The clusters run Apache Pig and Hive applications, and the default settings (they are also inherited by Tez engine used by Pig and Hive):
-- from mapred-site.xml mapreduce.map.memory.mb 1408 mapreduce.reduce.memory.mb 2816 yarn.app.mapreduce.am.resource.mb 2816
From application log, I can see the Tez job requests 1408 MB and 2816 MB of memory for Map and Reduce vertices:
INFO tez.TezDagBuilder: For vertex - scope-72: parallelism=3217, memory=1408 INFO tez.TezDagBuilder: For vertex - scope-93: parallelism=1000, memory=2816
So why does the YARN still allocate 2 GB and 4 GB containers for this job?
The reason is that this cluster has
yarn.scheduler.minimum-allocation-mb option set to 2048 in
yarn-site.xml.
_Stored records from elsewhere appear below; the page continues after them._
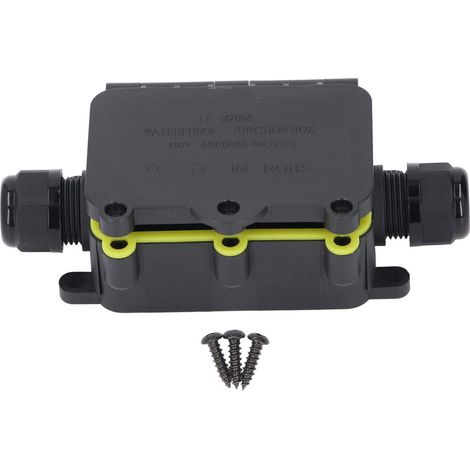 Boîte de jonction électrique IP68 étanche à l'eau, 2 voies PA66, câblage externe en plastique pour éclairage paysager LED extérieur 450V (1/5)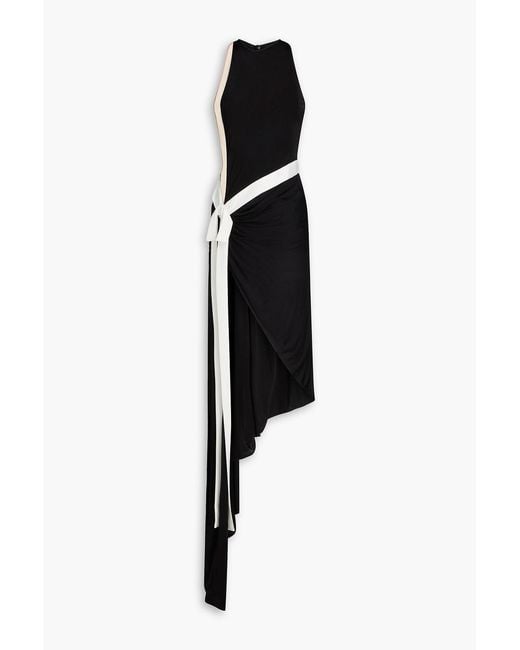 David Koma Black Asymmetric Tulle-Paneled Jersey Gown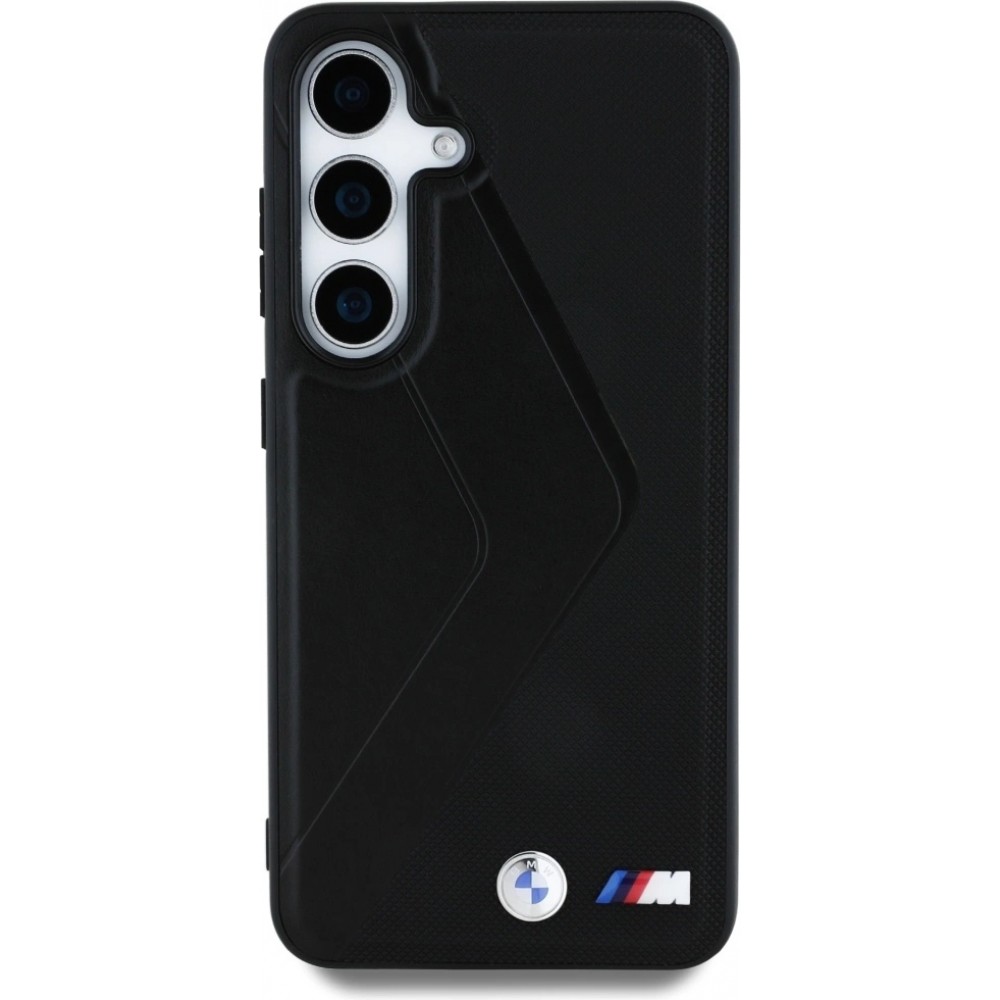 Coque Samsung Galaxy S25 - BMW Oversized rayures compatible MagSafe en cuir  - Noir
That’s why YARN ResourceManager allocates memory to containers in increments of
yarn.scheduler.minimum-allocation-mb, not the requested size.
Ok, actually it is quite typical to run 2 and 4 GB containers in YARN applications, and this leads us to another problem found in this cluster: memory under-utilization.
If you look at the picture above, you can notice that each node has just 1.5 GB of memory left after allocating 2 containers. But this means that YARN cannot allocate more 2 GB containers on these nodes.
In my case, the cluster was an Amazon EMR cluster running 100 c4.xlarge EC2 instances that have 7.5 GB of memory, but only 5.5 GB is available for YARN containers:
As a result 1.5 GB * 100 = 150 GB of memory are never allocated to YARN containers.
Such cluster can be fine if you need to run 1 GB containers, but for applications that require larger containers you can use compute nodes with more memory to ensure better memory utilization.